**PROBLEM STATEMENT:** Word for word, copy the lines beginning at the one with "this 1024×768 image." and ending at the last line below; pictures stay out.

──────────────────────────────

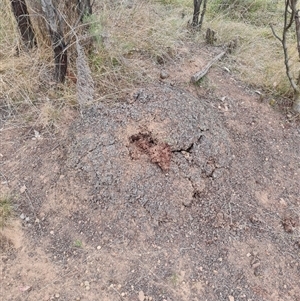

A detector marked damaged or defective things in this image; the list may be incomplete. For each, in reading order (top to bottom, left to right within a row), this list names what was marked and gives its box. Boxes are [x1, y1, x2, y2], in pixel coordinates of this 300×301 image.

damaged termite mound [128, 132, 171, 171]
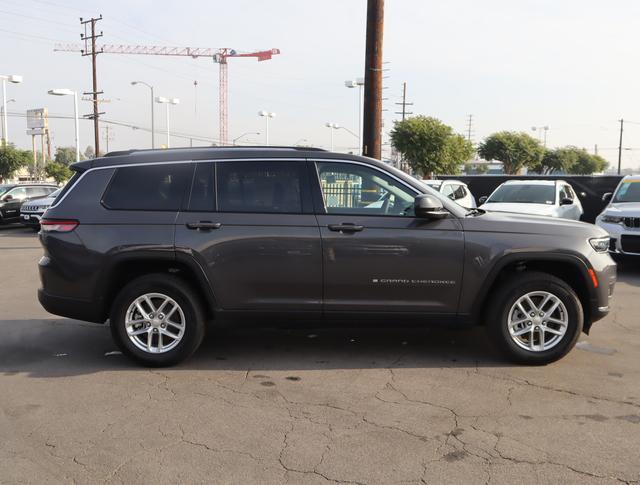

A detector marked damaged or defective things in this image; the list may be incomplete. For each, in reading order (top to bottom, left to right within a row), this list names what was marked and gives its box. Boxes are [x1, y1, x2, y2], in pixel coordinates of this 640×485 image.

cracked pavement [0, 228, 636, 484]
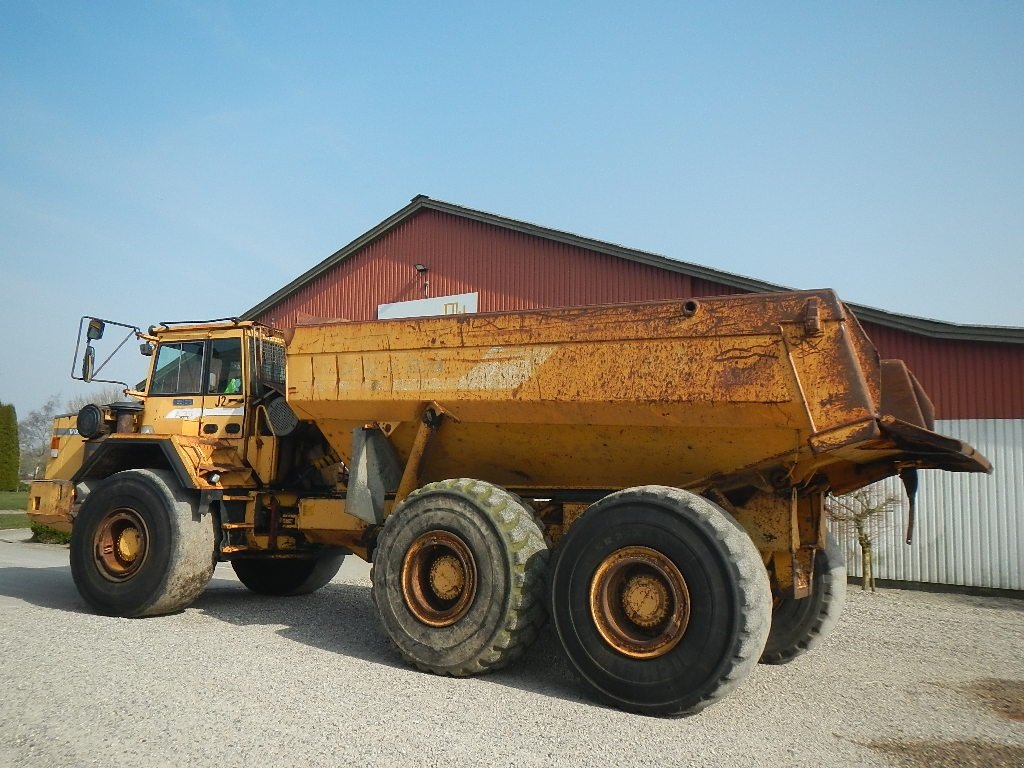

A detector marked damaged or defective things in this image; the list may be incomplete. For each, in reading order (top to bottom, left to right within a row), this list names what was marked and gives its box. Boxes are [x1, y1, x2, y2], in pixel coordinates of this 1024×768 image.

rusty dump bed [284, 290, 987, 499]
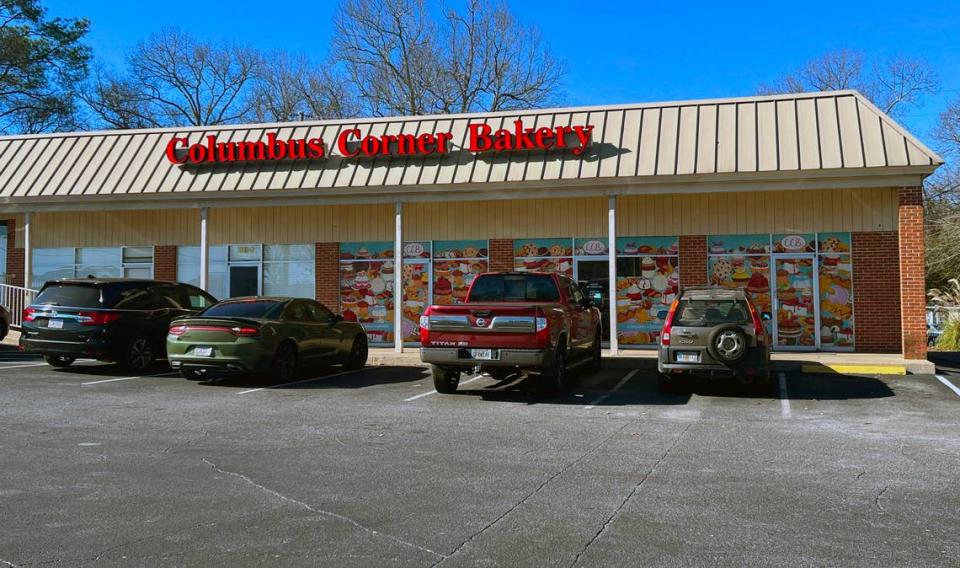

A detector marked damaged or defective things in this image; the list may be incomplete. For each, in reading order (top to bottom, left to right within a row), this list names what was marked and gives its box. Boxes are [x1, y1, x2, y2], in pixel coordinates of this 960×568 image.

crack in pavement [202, 458, 446, 560]
crack in pavement [432, 420, 632, 564]
crack in pavement [568, 420, 692, 564]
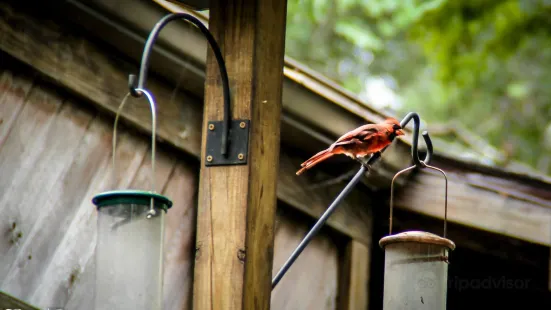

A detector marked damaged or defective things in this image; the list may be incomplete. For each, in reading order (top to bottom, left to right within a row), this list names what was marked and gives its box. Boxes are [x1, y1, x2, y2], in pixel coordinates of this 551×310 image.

rusty metal feeder lid [380, 231, 458, 251]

──────────────────────────────

**SOLUTION TO THIS TASK:**
A detector marked damaged or defective things in this image; the list may be incomplete. For each, in reading order (top to bottom, left to right within a row), this list names what was marked and gives its box. Boxes are [x1, y1, x2, y2], in pixel coordinates of this 1024×768 image.

rusty dump bed [284, 290, 987, 499]

A detector marked damaged or defective things in this image; the list may be incomplete. For each, in reading order (top to bottom, left to right within a row), this list names what was marked and gives its box. Boxes are [x1, y1, x2, y2], in pixel coordinates of this 960×568 image.

crack in pavement [202, 458, 446, 560]
crack in pavement [432, 420, 632, 564]
crack in pavement [568, 420, 692, 564]

A detector marked damaged or defective things in this image; the list may be incomplete. For each, in reading order (top to bottom, left to right within a row), this list names what was marked and gives its box. Boxes are [x1, y1, x2, y2], in pixel coordinates of this 551×310 image.

rusty metal feeder lid [380, 231, 458, 251]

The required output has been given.